Note: there is no grace period for the exam. If you do not submit your exam by 11:59 PM on Friday, August 14, you will earn zero points for the activity.
For your final exam, write a performance review that evaluates your work in the course and proposes the grade you should receive on the final, using information from your Weekly Work Log (in OneNote) to support your recommendation. In the workplace, this report would be similar to a annual self-evaluation.
Step 1: Familiarize yourself with the characteristics and features of performance reviews.
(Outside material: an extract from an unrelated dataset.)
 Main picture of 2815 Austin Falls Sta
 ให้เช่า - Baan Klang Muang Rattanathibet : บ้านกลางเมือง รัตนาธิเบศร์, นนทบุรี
Chapter 8, “Communicating Persuasively,” has strategies that can help you with your exam. The following articles also offer advice on writing self-evaluations:
- Guidelines for Writing Your Employee Self-Assessment Links to an external site. from UC-Santa Barbara Human Resources
- Evaluation Resource Central: Peter Elbow Links to an external site. from Evergreen State College
- What is a Self-Assessment? Links to an external site.from the Ohio National Guard
- Tracking Performance Accomplishments and Writing Self‐Assessments Links to an external site. from the USDA
Step 2: Review your work in the course and gather your data.
You need to collect the data on your work in the class. You should find much of what you need in your Weekly Work Log. Consider these questions:
- What have you done to work consistently during the entire term?
- Which document demonstrates your highest quality work? Why?
- What demonstrates that you invested your best effort in the course?
- How have you supported members of the course in your Feedback Posts in Piazza?
- What (if anything) did you do to go beyond the basic requirements of the course?
Gather the relevant evidence (e.g., links to examples, quotations or other evidence from your work).
Step 3: Compare your findings to the course expectations.
Once you have gathered your findings about your work in the course, compare them to the expectations for the kinds of work in the course
Links to an external site., and conclude how well you did:
- Reading
- Writing
- Giving, Discussing, and Responding to Feedback
- Tracking and Reflecting
Be sure that you consider your work in the entire course, and if relevant, be honest about where you fell short. You can use tables and charts as appropriate to present your evidence.
Step 4: Pay attention to the expectations for the final exam.
To meet the requirements of the final exam assignment, your performance review should include the following sections and information:
- details on your overall work in the course.
- a comparison of your accomplishments to the course expectations for labor in the course
- a conclusion of the grade you should receive for the course.
Your performance review should be specific and detailed, since I will go by the information in your report as I determine your final exam grade. If you do not provide adequate, specific details, your grade will be lower.
Step 5: Compose your final exam.
Once you have gathered all of your information and drawn conclusions about your performance in the course, write your review in your word processor. Explain your findings, present your evidence, and include an indication of how your work in the course compares to the expectations. Your report should be professional, and avoid any whining, begging, or the like.
Use what you know about layout and design to create a report that is clear and easy to read. If it’s also fun and interesting, that’s great too.
Be sure that you specifically state how many points the final exam should add to your course grade (maximum: 40 points). Explain how you arrived at the number.
Step 6. Review your exam for design and basic writing errors.
Everything you write should use accurate image editing, grammar, spelling, punctuation, mechanics, linking, and formatting.
Step 7: Submit your project in Canvas.
Upload your completed final in Canvas by 11:59 PM on Friday, August 14. There is no grace period for the exam.
Grading Process
I will read your final, looking for evidence that supports your argument for a specific number of additional points.
If necessary, I will adjust the number to better represent your work in the course. In such cases, I will add a comment the explains my decision.